# I guess I'll stick to city kids from now on



## Hayjosh (Mar 24, 2016)

I was doing some custom baling this past weekend for second cut and was going to be a light day (ending up at 368 bales). I'm still old fashioned and employ child labor stacking on a wagon behind the baler, so they actually will experience heat, difficulty, and work. On this day none of my regulars could show so I went with a contact the client had who helps him stack hay in his barn.

Kid shows up, probably 17, farm kid that lives near by. Says he doesn't need gloves so I'm thinking he's tough, dumb, or both. Was looking forward to the prospect of having somebody else on the call list to summon for hay help. He says he knows how to stack but I tell him how I want the wagon stacked regardless to make sure. We start going and first thing, bales aren't getting stacked properly in the back row. I stop and restack them. Get going again and bales are only 4 high. I stop again, say to stack them 5 high.

Says he can't stack them 5 high, can't lift them above his head. I didn't even try to hide the disbelief on my face because I've had 13 year olds on that wagon barely 5' tall chucking bales to the 5th row before. So I stack them to 5 and jump on tractor and keep going.

Start baling again and then he just starts PILING the bales in a big pile in the middle of the wagon. I stop again and now I'm pissed and ask what's going on. He says they're coming too fast and they're too heavy. THEY'RE 40 POUND BALES. I restack the hay.

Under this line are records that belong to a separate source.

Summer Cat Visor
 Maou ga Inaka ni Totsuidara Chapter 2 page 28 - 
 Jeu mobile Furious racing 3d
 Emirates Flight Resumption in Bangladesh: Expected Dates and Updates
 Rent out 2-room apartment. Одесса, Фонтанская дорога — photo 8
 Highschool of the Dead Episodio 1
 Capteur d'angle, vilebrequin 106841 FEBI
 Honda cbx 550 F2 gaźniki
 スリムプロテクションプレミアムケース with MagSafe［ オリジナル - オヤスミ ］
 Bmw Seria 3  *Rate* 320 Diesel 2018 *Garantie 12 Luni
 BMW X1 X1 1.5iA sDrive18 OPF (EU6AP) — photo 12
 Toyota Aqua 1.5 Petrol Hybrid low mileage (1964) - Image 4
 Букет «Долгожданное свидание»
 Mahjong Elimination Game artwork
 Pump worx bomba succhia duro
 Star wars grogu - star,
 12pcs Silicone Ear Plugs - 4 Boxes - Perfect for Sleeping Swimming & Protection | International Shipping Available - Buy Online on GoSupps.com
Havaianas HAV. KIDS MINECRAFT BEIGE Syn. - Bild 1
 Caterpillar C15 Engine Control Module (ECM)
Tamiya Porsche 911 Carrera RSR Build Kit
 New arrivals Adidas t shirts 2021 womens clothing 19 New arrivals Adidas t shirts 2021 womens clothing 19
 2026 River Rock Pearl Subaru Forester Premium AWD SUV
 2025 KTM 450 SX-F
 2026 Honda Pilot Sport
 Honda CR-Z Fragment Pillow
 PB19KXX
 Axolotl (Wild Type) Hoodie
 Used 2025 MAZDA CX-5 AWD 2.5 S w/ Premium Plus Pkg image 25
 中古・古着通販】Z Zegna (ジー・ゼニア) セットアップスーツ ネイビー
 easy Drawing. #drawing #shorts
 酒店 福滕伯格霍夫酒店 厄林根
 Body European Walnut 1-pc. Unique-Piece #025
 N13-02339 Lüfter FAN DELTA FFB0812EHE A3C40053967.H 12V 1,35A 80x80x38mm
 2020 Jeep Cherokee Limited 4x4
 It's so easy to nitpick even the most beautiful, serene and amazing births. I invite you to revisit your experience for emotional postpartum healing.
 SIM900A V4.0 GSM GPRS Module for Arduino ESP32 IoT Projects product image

THEN he quits on the spot, 40 bales in, says he can't do it, he's getting a rash on his forearms and he's allergic to hay. Not sure what you're expecting when you agree to do hay. So there I am on my own, with a 9 acre field ahead of me and my own 7 acre field raked up ready to be baled afterwards, with rain coming the following day. I start baling on my own, stopping every 3 bales to stack. First time in 10 years anybody has walked off the job.

To make matters worse, my baler had broke the day before on this field, so I was using a borrowed baler from local farmer on this field and it broke about 50 bales in.

I had to borrow a baler from a third guy, one of my buyers came and stacked, and got everything finished up at 9 pm.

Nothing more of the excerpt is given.